Process Behavior Charts As Report Cards

The first of six uses

Published: Monday, June 6, 2016 - 12:56

The simple process behavior chart can be used in many different ways. Since report card data are common in all types of businesses, the report card chart is often the first chart that people create. Some of the pros and cons of report card charts are covered here.

Report card data are data that have been created to track various aspects of a business or operation. They may be measures of activity (commonly expressed in dollars or volumes). Or they may be measures of satisfaction, of quality, of inactivity (such as wait times), or measures of performance compared to a standard or budget. In each case they attempt to summarize some aspect of an operation over the past time period in a single number. Thus, the essence of every report card number is to aggregate and summarize so as to provide the big picture.

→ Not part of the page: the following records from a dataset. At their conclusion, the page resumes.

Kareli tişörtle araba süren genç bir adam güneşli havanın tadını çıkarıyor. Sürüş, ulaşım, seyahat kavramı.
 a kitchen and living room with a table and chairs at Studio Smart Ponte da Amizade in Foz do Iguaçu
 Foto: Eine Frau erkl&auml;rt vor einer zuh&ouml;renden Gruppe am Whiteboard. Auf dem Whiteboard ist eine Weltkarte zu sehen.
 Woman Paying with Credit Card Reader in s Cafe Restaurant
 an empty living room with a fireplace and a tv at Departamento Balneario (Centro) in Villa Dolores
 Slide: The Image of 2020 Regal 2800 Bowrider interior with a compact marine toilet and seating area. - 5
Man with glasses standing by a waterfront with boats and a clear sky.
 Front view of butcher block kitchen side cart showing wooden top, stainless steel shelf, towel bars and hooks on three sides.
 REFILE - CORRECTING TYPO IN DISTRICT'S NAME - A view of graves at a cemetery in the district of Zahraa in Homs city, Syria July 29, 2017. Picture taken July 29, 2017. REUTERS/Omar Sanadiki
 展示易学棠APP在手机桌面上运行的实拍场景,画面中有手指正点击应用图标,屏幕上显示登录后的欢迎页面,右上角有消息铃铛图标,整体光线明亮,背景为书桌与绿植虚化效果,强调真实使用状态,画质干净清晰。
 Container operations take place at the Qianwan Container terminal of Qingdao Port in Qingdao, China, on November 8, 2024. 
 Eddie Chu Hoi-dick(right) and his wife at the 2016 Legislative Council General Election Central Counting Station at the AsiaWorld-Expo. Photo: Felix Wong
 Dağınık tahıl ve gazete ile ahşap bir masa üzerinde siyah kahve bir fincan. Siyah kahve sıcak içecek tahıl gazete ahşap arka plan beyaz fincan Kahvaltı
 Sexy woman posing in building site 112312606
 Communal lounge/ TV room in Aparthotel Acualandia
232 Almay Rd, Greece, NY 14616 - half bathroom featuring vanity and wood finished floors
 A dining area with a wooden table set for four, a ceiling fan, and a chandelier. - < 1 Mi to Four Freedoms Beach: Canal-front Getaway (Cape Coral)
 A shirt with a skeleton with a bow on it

As an example of a report card chart I will use an example from my mentor, Professor David S. Chambers, who was working with a medium-sized hosiery mill. The mill employed about 1,500 workers and it had a reputation as a quality mill based on careful 100-percent inspection that graded the output as First, Irregulars, Seconds, and Rags.

In spite of this reputation the mill faced a real problem. Workers were paid by the piece, and each worker had to process a certain number of pieces per week in order to earn mini­mum wage. If a worker’s output did not exceed that number, the company had to make up the difference. With a pending increase for minimum wage, the mill managers realized that it would be nearly impossible to operate with the current equipment and technology without paying substantial “make up” wages each week. Some way had to be found to increase income in spite of a soft market and stiff competition.

The obvious solution was to change the mix of Firsts, Irregulars, Seconds, and Rags. By making more Firsts, and less of the other grades, revenues could be increased without in­creasing the costs. Operators would also benefit since they were docked two good pieces for each bad piece found at final inspection.

After consultation with Chambers, the mill president decided to send 20 of his supervisors to a statistical process control (SPC) class at the university. After the course, Chambers sat down with the supervisors and helped them plan how to use SPC at the mill. Due to the nature of the work and supervisor enthusiasm, they decided to begin with the looping department and its staff of 30 loopers.

During the looping process, the toe in knitted hosiery is closed. It is a tedious operation, requiring an operator to thread the toe of the stocking onto a comb-like device called the looper dial. Exactly one thread from each side of the stocking is placed into each gap between the teeth of the looper dial. A missed gap will create a hole in the finished stocking, and placing two threads from the same side in one gap creates a pucker. After the stocking is threaded onto the dial, the end is trimmed. If trimmed too long, the seam will bulk, and the stocking would be downgraded. If trimmed too short, the stocking will fall off the dial, and the operator would have to start all over again. Since the loopers were paid by the piece, they considered this to be “bad form.” After being trimmed, the toe of the stocking is stitched by the looping machine, and the finished stocking is placed in the looper’s production box.

To collect some data on the looping operation, an inspector was brought into the looping department from the boxing room. She was there to inspect four consecutively looped stockings from each operator four times each day; that was 16 pieces obtained from each operator each day. The inspector was given a randomized order for visiting the operators each day to prevent them from “loading” the output box. The inspector recorded the type and number of defects found, by operator, and the records were kept on a historical basis during the months of June and July.

During June and July no conscious effort was made to improve the process. The objective was merely to measure the quality of the looping work. Individual records were combined into a departmental record for each day of the two-month period. The departmental average amount of defective work was 4.8 percent for those two months. Chambers created a p-chart for the looping department (shown in figure 1) with limits based on the average number of pieces examined each day.


Figure 1: p-chart for the looping department during June and July

The p-chart in figure 1 shows a fair degree of predictability with only two points outside the limits. The first point outside the limits was expected since there had never been an inspector located in the department. The presence of a person taking work from a machine, and inspecting it on the spot, was very upsetting to the loopers. When the inspector showed up on the second day the loopers were in such an uproar that it was necessary for the supervisor to tell them that the company was cooperating with Professor Chambers in gathering some “real” data for class use and that their jobs were not threatened. This explanation seemed to reassure them.

The second out-of-limits point had a different cause. It was the custom in the hosiery industry to shut down for a weeklong holiday around the Fourth of July. The second point outside the limits occurred on the Monday following this mid-summer holiday.

The chart in figure 1 was explained to the vice president for manufacturing in the following manner. The conditions in the looping department were described as being relatively predictable. Assuming that no changes were made, about 5 percent defective product would be produced weekly.

Upon hearing this the vice president swore that the company could not continue to operate with 5 percent defective products in looping—the company would be closed within six months under these conditions!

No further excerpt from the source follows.